YOUR ASSIGNMENT: For the entries below, repeat exactly each line starting with the one that contains "Estamos ansiosos para esse reencontro! 🥹🥰" and going on through the one that contains "#eventopelotas #eventogeek #eventors", and no others.

EXTRACTED ENTRIES:
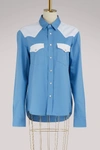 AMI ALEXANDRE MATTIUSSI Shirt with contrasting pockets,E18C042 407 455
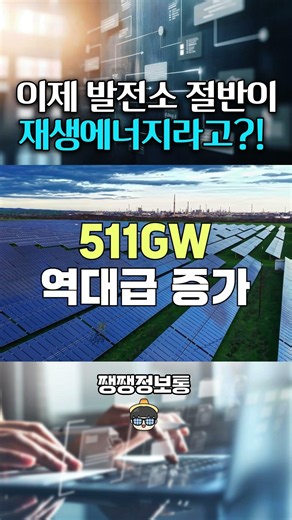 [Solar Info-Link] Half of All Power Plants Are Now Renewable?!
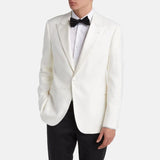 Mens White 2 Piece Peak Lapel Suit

--

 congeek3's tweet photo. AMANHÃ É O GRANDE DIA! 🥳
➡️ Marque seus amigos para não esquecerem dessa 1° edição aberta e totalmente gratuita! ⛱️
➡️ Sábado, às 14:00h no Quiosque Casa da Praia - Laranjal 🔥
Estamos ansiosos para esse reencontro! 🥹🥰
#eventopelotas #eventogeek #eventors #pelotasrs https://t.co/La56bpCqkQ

RESPONSE:
Estamos ansiosos para esse reencontro! 🥹🥰
#eventopelotas #eventogeek #eventors #pelotasrs https://t.co/La56bpCqkQ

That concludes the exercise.